Condivido il contenuto di un postcast del vescovo americano Joseph Strickland sul tema del silenzio di Dio preso dal suo sito pillarsoffaith.net:
Miei fratelli e sorelle in Cristo,
Una sentinella non vive secondo l'orologio del mondo. Non si orienta secondo le tendenze, i titoli delle notizie o secondo i moti di indignazione. Rimane dove è stata messa e guarda l'orizzonte nella luce a lei affidata.
Questo è ciò che intendo fare stasera.
Molte anime fedeli sono scosse. Percepiscono disordine, confusione e tensione - nel mondo, nella Chiesa, persino nelle loro stesse famiglie. E tante volte sento la stessa domanda, pronunciata sommessamente e a volte con paura: “Perché Dio sembra silenzioso?”
Questa domanda è importante. Ma la risposta lo è di più.
Dio non tace perché ha abbandonato il suo popolo. Dio non tace perché la verità ha fallito. Dio non tace perché il male ha prevalso.
Dio tace perché ha già parlato, e ciò che ha detto ora richiede obbedienza, non un commentario.
La Sacra Scrittura ci dice con chiarezza: “Dio, che in tempi diversi e in modi diversi, ha parlato nei tempi passati ai padri tramite i profeti, ultimamente, in questi giorni, ci ha parlato per mezzo di suo Figlio ... ” (Ebrei 1:1-2).
Dio non ha emesso una nuova parola. Non ha rivisto quella vecchia. Non ha ammorbidito le richieste del Vangelo. Quando il cielo tace, è spesso perché la Parola è già stata data – e la responsabilità è passata a noi.
Fin dall'inizio, gli interventi decisivi di Dio non sono stati rumorosi. Ma sono stati perentori.
Quando Cristo entra nel mondo, non c'è una convocazione dai potenti, nessun discorso alle istituzioni dell'epoca, nessun avvertimento emesso a coloro che lo rifiuteranno. San Luca lo registra senza dramma: "Fece nascere il suo primogenito, lo avvolse in fasce e lo depose in una mangiatoia, perché non c'era spazio per loro nell'alloggio" (Luca 2:7).
Non c'era spazio – e Dio non forzò la porta. Quel silenzio porta già il giudizio. Non rabbia, non vendetta, ma delle conseguenze.
Dalla mangiatoia alla Croce, Cristo rivela che l'autorità di Dio non dipende dal rumore. Che sia accolta o meno, la Verità resta.

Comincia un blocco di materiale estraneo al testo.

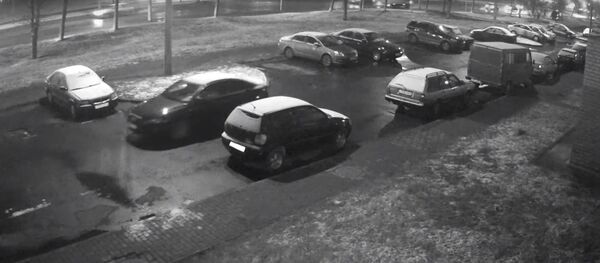 9-летний ребенок приехал в школу на машине своего отца  - Sputnik Беларусь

Il mondo in cui viviamo ora è rumoroso – inesorabilmente rumoroso. Ma quel rumore non è forza, è difesa. Nostro Signore stesso ne spiega la ragione: “E questo è il giudizio: perché la luce è venuta nel mondo, e gli uomini hanno amato le tenebre piuttosto che la luce; perché le loro opere erano malvagie” (Giovanni 3:19).
Quando la luce si espone, l'oscurità non discute onestamente. Distrae. Confonde. Moltiplica le voci in modo che nessuna singola voce possa essere obbedita. Questo schema è visibile ovunque. E non ha risparmiato la Chiesa.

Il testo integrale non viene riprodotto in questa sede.